We were silent again. Mac started the next train of
thought. “If Irene Thiel was murdered—it would be because the murderer wanted that second version of the will, where the fortune was split equally. If she was murdered, it would be because she was supposed to die before her father, and the money would be split between the two families, with Mr. Thiel in control of it.”

“We haven't solved anything, have we?” I realized. “We only have two real choices for people with motives; and they both profit from the second version of the will.”

Mac looked at me: “I don't know how you can be so cool-headed about this.”

I wasn't cool-headed, if he had known. My mind was in a turmoil. I was just holding onto what facts we had, as a drowning man must hold onto a life preserver.

“Then,” I continued, “the real question isn't about the death of Irene Thiel, it's about the child. First, what happened to him? Second, why was no investigation made? Third, why wasn't he declared legally dead?”

Mrs. Bywall opened the door then, to announce lunch. “Mr. Thiel thought you would be staying,” she told Mac.

“Yes, thank you,” Mac said, with a glance at me out of the side of his eyes. He seemed embarrassed.

“What have the two of you been doing here? You look like the cat that ate the canary, the both of you. Mr. Thiel is already at table,” she warned us.

We returned the paper to its place in the pile. It had lain there so long unnoticed, I assumed it would be safe.

Something, I thought to myself, should be safe. I did not feel safe. I was confused and disturbed. The nightmare seemed to be seeping over into the daylight hours: just beyond the edges of my vision, shadowy shapes moved, Irene Thiel, this child, the nurse into whose care Mr. Thiel had placed the child, Mr. Thiel himself as his wife wrote to him, Mr. Callender trying to hold his sister's affections, and old Josiah Callender himself, trying to do the right thing with his fortune, who would perhaps have known his family best, who apparently trusted neither his son nor his son-in-law.

That lunch was not a comfortable meal for me. Mac ate away as if nothing were wrong. Mr. Thiel was even more quiet than usual. I could not look at him, but could not look away. I wanted him to speak, to say anything, to convince me of the normality of things, but everytime he spoke I was thrown into a panic and could think of no reply. I ate little, and quickly.

“Didn't your aunt teach you the manners to clean your plate?” Mr. Thiel said.

I glared at him. It was none of his business. “Won't your mother worry if you aren't home for lunch?” I asked Mac, ignoring Mr.
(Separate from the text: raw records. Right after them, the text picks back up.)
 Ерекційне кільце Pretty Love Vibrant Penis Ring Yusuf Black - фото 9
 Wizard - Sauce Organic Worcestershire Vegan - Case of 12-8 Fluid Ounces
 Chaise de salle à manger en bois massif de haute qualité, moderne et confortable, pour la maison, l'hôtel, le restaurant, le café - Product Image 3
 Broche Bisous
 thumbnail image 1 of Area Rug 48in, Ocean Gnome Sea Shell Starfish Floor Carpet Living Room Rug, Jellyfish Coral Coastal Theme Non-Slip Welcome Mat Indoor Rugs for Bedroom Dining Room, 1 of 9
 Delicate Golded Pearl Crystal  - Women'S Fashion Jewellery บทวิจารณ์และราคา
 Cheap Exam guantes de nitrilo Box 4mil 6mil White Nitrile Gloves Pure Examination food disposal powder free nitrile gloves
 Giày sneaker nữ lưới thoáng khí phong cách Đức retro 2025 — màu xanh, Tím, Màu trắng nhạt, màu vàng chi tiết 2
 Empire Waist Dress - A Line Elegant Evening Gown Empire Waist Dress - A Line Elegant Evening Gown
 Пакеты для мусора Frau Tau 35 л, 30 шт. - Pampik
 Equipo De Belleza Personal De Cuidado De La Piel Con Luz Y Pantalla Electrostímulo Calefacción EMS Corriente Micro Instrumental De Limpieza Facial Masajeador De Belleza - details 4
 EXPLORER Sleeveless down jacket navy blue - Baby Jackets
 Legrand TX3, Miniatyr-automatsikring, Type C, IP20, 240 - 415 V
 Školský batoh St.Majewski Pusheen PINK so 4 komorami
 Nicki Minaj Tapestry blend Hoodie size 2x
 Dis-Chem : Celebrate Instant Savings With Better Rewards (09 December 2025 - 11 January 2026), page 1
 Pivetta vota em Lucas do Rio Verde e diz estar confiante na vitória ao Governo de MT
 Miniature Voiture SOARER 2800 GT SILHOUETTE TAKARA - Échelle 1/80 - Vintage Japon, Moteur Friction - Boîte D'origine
Thiel.

“Why should she? She knows where I am,” Mac answered.

“How could she know you'd stay to lunch?” I insisted.

“Well, she told me I could stay as long as I liked. She said she didn't mind, for this while.”

“So you're here to keep an eye on me,” I said. He looked uncomfortable and his eyes turned to Mr. Thiel. For some reason, that made me angry. It was not just a foot-stamping anger, it was a hot, burning wrath. I looked at the two of them. Mr. Thiel was about to say something, I could tell. I didn't wait to hear what it was.

“I don't need anybody to look after me,” I said coldly, to both of them. “Nobody looked after me before, did they? This sudden concern for my well-being—”

I couldn't think of anything scathing enough, so I didn't finish my sentence. Quite calmly, I folded my napkin and rose from the table. Quite calmly, I
walked out of the dining room and then out of the house. Then I began to run wildly, before my tears could be noticed by anyone following me. I ran up into the woods toward the falls.

Chapter
13

By the time I had crossed at the ford, then walked down to Mr. Callender's house, I had ceased sobbing. I imagine I looked pretty disheveled, however: I'd left shoes and stockings by the stream and run through the forested countryside, not bothering to avoid bushes. Mr. Callender took one look at me and knelt down beside me. “My dear,” he said. His eyes looked gently into mine. “What has happened?”

I shook my head, I could not have begun to explain to him why I was there. I did not understand it myself. I had only feelings: I felt alone, afraid; I felt angry at everyone, and as if things were happening which I did not understand; I felt helpless.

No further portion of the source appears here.